A ASSOCIAÇÃO JUÍZES PARA A DEMOCRACIA, entidade não
governamental e sem fins corporativos, que tem por finalidade estatutária o
respeito absoluto e incondicional aos valores próprios do Estado Democrático de
Direito, vem a público externar repúdio e contrariedade em face dos atos de
violência e repressão que atentam contra o livre exercício do direito de livre
manifestação, ocorridos nos dias que sucedem à deposição da presidenta eleita
Dilma Vana Roussef, esperando do Ministério Público o efetivo controle da
atividade policial, nos seguintes termos:
1. A livre manifestação do povo encontra guarida no seio do
corpo democrático, conforme o art. 5º da Constituição da República, que
estabelece ser livre a manifestação do pensamento, vedado o anonimato, podendo
se reunir pacificamente em locais abertos ao público, independentemente de
autorização, sendo desnecessário registrar, no presente instrumento, o alto
custo social pago durante os regimes de exceção para que tal direito fosse
erigido à estatura constitucional.
2. Diversos atos e fatos no pós 31 de agosto de 2016
demonstram o total despreparo do braço policial do Estado para a escorreita
aplicação e preservação da Constituição da República.

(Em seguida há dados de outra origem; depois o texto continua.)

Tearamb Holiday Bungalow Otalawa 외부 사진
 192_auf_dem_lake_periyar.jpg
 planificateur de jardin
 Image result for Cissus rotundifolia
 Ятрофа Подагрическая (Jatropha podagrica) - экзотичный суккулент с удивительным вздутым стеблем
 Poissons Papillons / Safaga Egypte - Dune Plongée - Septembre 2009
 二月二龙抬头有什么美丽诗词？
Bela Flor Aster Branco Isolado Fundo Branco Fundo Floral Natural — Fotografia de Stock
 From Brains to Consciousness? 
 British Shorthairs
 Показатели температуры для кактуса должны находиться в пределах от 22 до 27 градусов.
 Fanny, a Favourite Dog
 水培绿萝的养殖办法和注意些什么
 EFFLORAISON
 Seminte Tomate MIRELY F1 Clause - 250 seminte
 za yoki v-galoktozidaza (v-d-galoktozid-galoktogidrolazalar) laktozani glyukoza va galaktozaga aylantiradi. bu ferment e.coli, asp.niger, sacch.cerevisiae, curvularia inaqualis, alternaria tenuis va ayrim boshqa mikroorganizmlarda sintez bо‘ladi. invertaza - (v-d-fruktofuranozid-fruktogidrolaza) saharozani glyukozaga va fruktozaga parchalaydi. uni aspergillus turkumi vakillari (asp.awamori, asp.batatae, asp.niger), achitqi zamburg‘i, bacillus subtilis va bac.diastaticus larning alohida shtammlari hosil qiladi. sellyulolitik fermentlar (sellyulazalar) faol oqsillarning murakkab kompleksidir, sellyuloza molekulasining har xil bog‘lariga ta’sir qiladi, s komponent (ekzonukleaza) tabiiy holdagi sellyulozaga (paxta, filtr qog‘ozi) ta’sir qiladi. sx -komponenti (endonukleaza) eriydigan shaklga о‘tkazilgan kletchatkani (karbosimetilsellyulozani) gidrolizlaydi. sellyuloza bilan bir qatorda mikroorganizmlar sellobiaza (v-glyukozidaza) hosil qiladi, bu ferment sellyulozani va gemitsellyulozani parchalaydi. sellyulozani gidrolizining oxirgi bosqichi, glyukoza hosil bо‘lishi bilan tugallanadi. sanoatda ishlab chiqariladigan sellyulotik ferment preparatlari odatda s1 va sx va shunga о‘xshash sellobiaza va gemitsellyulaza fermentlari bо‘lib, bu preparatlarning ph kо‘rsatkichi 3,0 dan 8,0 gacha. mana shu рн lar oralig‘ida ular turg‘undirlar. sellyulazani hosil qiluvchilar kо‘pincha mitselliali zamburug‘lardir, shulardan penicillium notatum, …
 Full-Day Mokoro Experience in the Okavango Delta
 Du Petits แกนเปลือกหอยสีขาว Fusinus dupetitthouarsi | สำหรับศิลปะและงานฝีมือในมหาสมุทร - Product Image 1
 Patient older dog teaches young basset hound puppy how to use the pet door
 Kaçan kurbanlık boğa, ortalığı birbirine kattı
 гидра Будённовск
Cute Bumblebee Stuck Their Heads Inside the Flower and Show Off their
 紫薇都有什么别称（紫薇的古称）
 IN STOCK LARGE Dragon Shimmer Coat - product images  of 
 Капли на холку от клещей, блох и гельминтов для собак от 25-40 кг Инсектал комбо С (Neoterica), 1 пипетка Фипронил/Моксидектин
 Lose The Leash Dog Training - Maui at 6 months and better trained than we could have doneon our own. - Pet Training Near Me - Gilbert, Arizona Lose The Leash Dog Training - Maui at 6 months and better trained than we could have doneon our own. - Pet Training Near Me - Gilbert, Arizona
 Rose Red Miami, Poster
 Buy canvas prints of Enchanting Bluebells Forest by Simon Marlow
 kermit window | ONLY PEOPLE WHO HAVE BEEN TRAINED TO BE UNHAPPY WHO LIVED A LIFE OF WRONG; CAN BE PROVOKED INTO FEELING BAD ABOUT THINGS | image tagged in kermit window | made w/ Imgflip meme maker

Nesse sentido, têm-se
notícias de uso indiscriminado de balas de borracha contra manifestantes em
geral em diversas cidades; tem-se a notícia de estudante que perdeu a visão do
olho esquerdo em São Paulo; tem-se a notícia de advogado preso e agredido, em
Caxias do Sul, quando se encontrava no exercício da função de defender cidadãos
contra abusos oficiais; tem-se, ainda, a notícia de manifestantes presos
mantidos incomunicáveis por várias horas e de agressão gratuita contra pessoas
que participavam do ato pacífico ocorrido em São Paulo no dia 4 de setembro, o
que foi testemunhado na pele por repórter da BBC Brasil, violentamente atacado
por policiais.
3. O uso da força tem se mostrado desproporcional, por todo
o Brasil. A violência praticada envolve lançamento de gás, bombas, disparo de
balas, ocasionando lesões corporais indiscriminadas de natureza grave e prisões
arbitrárias, tudo em desrespeito primário à cidadania e aos direitos
fundamentais.
4. A repressão que impede o exercício pleno de tal direito
elementar milita contra a Democracia, contra a Constituição, contra o povo,
muito especialmente contra os que tombaram na construção da ordem
constitucional vigente.
5. É imprescindível, por tudo isso, que o Ministério Público
exerça sua função prevista no artigo 129, VII, da Constituição da República,
fiscalizando a atividade policial e exigindo, dos responsáveis pelo comando da
polícia e dos próprios secretários da segurança e governadores estaduais, o
pleno respeito às liberdades democráticas. Espera-se que o Ministério Público
exerça tal função considerando que, em uma democracia fundada na promessa de
construção de sociedade livre, justa e solidária, como previsto no art. 3º, I,
da Constituição da República, o direito de manifestação é garantido não apenas
à parcela da população que apoia um determinado grupo político; tal direito
assiste aos manifestantes defensores das mais diversas ideologias e agremiações
políticas que, sob um regime democrático, deveriam alcançar o poder apenas pelo
voto popular.
6. A defesa das liberdades públicas é dever constitucional
atribuído a todo sistema de Justiça, inclusive ao Ministério Público na
fiscalização da atividade policial. A Associação Juízes para a Democracia
reitera que o sistema de Justiça afeto à Constituição é aquele que respeita o
direito constitucional de livre manifestação e aceita o pluralismo de ideias.
Urge reorientação no sentido de uma inflexão na escalada ascendente de
desrespeitos e rupturas constitucionais vivenciadas na quadra atual.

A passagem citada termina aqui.